ミステリート 〜不可逆世界の探偵紳士〜



07/17/2004公開   
08/10/2004追記   




 『不確定世界の探偵紳士』の続編。続編とは言っても直接ストーリィがつながっているわけではないので、プレイしたことのない人でも大丈夫。もちろん、プレイしておいた方がより世界に入り込みやすいと思います。
 ちなみに、サブテキスト(笑)は『エクソダスギルティ』『プレゼントプレイ』あたり。


    ストーリィ

 最年少クラスAディテクティブ(凄腕の探偵)、八十神かおる。密命を受けロンドンから日本へやって来た彼を待ち受ける難事件の数々。しかし、かおるは密命とは別の目的も胸に秘め・・・?


    シナリオ

 第零話〜第四話の五話構成。パッケージには5つの謎とあったけど、てっきり零話はカウントしないものと思っていたのでちょっとびっくり。(笑)
 プレイヤーはかおるを操作しつつ、証拠を集め推理を組み立てていくことになります。とはいえ、情報は共有・推理は非共有なので解答はプレイヤーが自分で導く必要があります。ということで、メモとペンは必須アイテムとなるので忘れないように準備しましょう。まぁ、せっかくPCを使ってるので活用しない手はないですけどね。
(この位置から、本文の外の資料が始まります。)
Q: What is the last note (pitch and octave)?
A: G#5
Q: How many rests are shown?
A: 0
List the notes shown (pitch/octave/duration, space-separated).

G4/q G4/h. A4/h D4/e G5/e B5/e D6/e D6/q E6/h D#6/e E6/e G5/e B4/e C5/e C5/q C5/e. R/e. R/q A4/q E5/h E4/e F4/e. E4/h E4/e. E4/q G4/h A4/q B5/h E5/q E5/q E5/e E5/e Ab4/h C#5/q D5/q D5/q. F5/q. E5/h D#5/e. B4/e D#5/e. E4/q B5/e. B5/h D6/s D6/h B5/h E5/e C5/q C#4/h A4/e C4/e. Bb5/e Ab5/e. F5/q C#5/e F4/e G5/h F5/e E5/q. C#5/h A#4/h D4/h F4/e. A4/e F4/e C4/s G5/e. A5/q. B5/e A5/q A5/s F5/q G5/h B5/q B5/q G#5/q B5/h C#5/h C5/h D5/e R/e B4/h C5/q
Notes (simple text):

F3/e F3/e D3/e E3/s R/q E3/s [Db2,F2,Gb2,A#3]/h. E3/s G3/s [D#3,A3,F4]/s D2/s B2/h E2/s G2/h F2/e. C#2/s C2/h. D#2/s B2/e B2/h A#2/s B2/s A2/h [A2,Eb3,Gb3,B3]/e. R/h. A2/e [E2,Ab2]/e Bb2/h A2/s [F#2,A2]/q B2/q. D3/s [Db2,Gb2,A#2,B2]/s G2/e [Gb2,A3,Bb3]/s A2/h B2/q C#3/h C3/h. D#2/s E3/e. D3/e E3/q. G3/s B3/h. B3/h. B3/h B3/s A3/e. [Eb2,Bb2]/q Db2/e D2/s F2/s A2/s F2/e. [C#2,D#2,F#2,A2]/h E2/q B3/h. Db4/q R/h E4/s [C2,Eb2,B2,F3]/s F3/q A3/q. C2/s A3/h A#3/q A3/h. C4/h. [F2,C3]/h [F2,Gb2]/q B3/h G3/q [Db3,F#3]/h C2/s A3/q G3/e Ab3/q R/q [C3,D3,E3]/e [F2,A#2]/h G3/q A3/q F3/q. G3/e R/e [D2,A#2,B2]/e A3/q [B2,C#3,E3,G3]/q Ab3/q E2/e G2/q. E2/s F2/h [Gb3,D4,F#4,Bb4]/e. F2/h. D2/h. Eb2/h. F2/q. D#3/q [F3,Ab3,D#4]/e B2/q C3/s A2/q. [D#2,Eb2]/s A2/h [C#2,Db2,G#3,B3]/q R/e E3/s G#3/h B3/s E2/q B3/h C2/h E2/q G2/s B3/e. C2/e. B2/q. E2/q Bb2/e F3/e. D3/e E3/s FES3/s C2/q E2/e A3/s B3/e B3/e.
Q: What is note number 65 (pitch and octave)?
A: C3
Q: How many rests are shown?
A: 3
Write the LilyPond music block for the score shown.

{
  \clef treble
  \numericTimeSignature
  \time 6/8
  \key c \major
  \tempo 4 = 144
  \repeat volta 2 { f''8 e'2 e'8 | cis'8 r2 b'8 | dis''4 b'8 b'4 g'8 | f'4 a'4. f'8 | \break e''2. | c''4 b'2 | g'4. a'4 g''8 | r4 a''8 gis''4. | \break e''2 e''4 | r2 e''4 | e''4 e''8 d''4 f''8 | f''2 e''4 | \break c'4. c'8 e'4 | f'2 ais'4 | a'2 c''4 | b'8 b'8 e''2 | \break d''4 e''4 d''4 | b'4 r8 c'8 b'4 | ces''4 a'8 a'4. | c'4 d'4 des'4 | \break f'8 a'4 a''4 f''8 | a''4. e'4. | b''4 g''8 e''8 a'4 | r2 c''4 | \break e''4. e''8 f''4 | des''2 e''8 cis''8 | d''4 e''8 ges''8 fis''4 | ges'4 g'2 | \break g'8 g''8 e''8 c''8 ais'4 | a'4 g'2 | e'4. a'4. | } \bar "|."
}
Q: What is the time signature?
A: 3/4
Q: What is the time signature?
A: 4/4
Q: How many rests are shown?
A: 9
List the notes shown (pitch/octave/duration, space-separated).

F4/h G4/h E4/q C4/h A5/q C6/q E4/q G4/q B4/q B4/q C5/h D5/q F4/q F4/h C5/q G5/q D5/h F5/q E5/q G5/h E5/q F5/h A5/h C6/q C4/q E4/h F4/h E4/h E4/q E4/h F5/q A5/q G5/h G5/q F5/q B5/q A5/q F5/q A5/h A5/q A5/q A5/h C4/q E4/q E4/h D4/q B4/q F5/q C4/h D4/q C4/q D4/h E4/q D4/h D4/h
たとえば、smartCTRLCなんかでメッセージを記録するのもいいでしょう。
 ミステリートといえば、謎解きの方がクローズアップされがちですが、シナリオの方は前作同様読ませる系譜なのでしっかりと堪能できます。ミステリートは、前作の活劇風ではなく、愛憎劇重視なシナリオ・・・といっていいかな。
 一つシナリオ上の難点をあげると、かおるが日本に来ることになったきっかけの依頼が不明瞭なところ。アイドラー本部での会話にでてきた依頼内容(これも依頼というには抽象的すぎる気もするが・・・)と、その後の日本に来てからのかおるの認識にずれがあること。合理的に考えるなら、かおるが素でカンチガイしていたということか・・・な?
 そうそう。綾小路復活です。だからといってナミが出てくるとは思わないけど。(イミ不明)


    システム

 『不確定世界〜』とはがらっとシステムが変わっています。まぁ、あれは悪行専用のシステムといえなくもないですけどね。ということで、お金や時間の概念はありません。今回は各話完結のオーソドックスなADV形式です。マップモードで移動して、アドベンチャーモードで調査する・・・という形式でゲームを進めていきます。
 マップモードに関しては、マニュアルに載ってない重要項目が2点。一つはCtrlキーを押しながら移動するとスピードアップするということ。マップ自体は3Dとはいっても単なる移動手段なので(落とし穴とか回転床とかはない(笑))、Ctrlキー押しっぱなしでも問題ないでしょう。たまに強制イベントとかあるのでちょっと困りますが。もう一つはマップ上のコンパスが壊れていること。東と西を逆に指しているので迷わないように。まぁ、これはバグでしょうけどね。
 また、セーブはマップ画面上でしかできないので注意が必要です。
 アドベンチャーモードは『不確定〜Rebirth!』と同様の操作方法です。移動に関してはアドベンチャーモードでの移動、とマップモードでの移動の2本立てになっているのでちょっとわね。いっそアイコン選択式ではなくてコマンド選択式の方がよかったのではないかと。私は『不確定〜オリジナル』のインターフェースの操作性がこれまでやったどのゲームと比べても一番だと思っているので・・・。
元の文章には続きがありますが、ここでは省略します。